ところが、このような視点から日本における幸福度を見ると、所得、雇用、教育、健康など、客観的な指標においては、OECD平均を満たすか、これを超えるのに対し、主観的な満足度として、「全体として生活に満足しているか」と問われ、「満足している」と答える日本人は40%しかおらず、59%であるOECD平均を大きく下回る結果が出ているのだそうです。
この原因として玉木さんは、「ゆとりの欠如や格差の拡大、人々の孤立や将来不安などが、主観的な満足度を引き下げている可能性がある」として、こうした点の解明や、問題点の改善が重要な政策課題になるであろう、と提起していました。
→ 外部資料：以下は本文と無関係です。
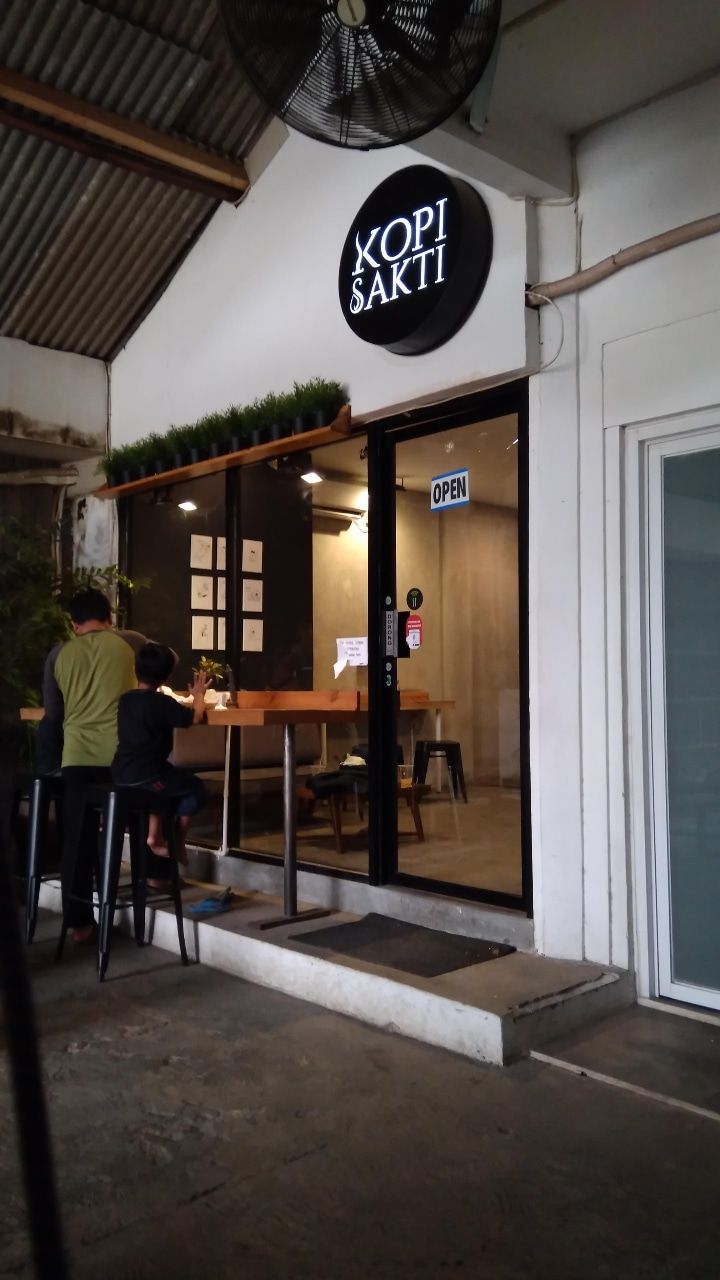 Detail Desain Cafe Sederhana Di Ruko Kecil Nomer 26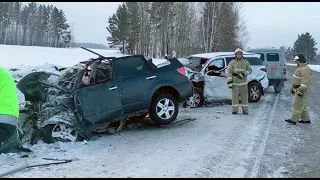 Toyota против Subaru: лобовое ДТП унесло две жизни в Красноярском крае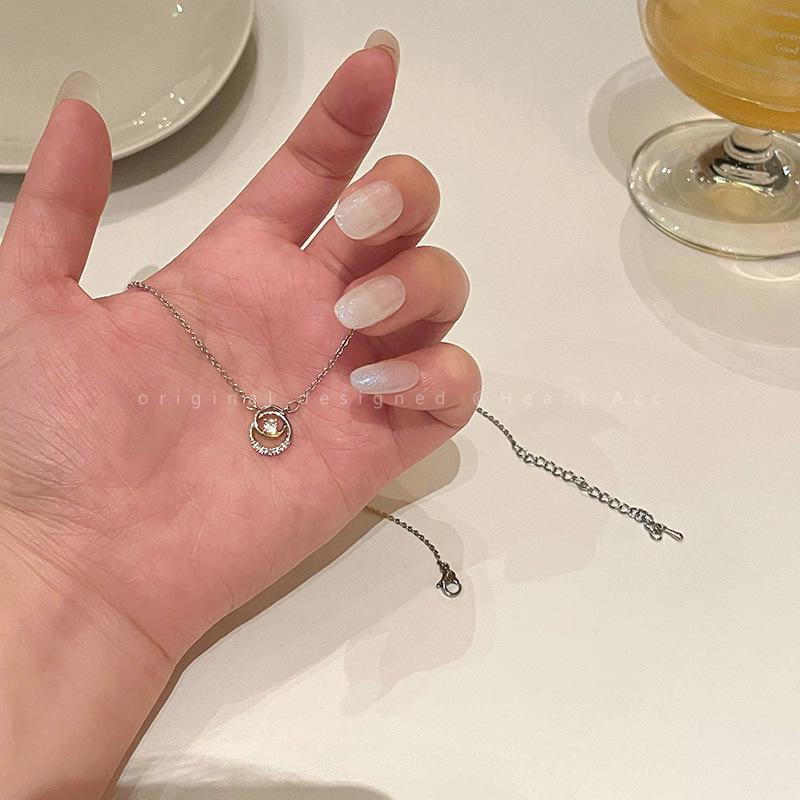 Elegant Geometric Zirconia Round Necklace - Women’s Versatile High-End Luxury Clavicle Chain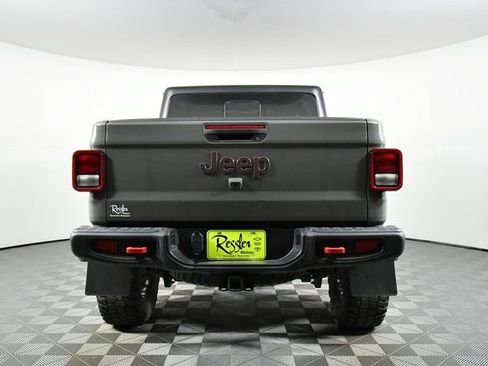 Used 2022 Jeep Gladiator Rubicon w/ Cold Weather Group AWD/4WD image 12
それで、冒頭の”幸せって何だっけ?何だっけ?”というCMソングが頭の中で流れ始めたわけです。私たち老健に勤める者は、日常の仕事の中で、「生活の質」という言葉を少なからず用いますが、果たして「生活の質」とは、そして「幸せ」とは一体何でしょうか???つまり、私たち側が「利用者の〇〇さんにはこういうケアを行ったら、生きがいのある、幸せな生活が送れるだろう」と思って、それを実際に行ったとしても、肝心の〇〇さんが、「ああ、こういうケアをしてもらって、私は生きがいのある、幸せな生活を送ることができているなあ」と思われるかどうか?ということです。その客観的幸福度と、主観的幸福度の間に隔たりがあるとすれば、その原因を解明し、問題点を改善して、ケアのありかたを見直さなければならない、ということになります。
調味料を買ってくれば済む問題ではありません。今後、幸福度の指標がどのように整備されていくか、関心を持って見守るとともに、私たち自身も「生活の質とは?」「幸せとは?」ということを常に問い続けながら、主客が高いレベルで一致するようなケアを目指していきたいと、この記事を読んで思いました。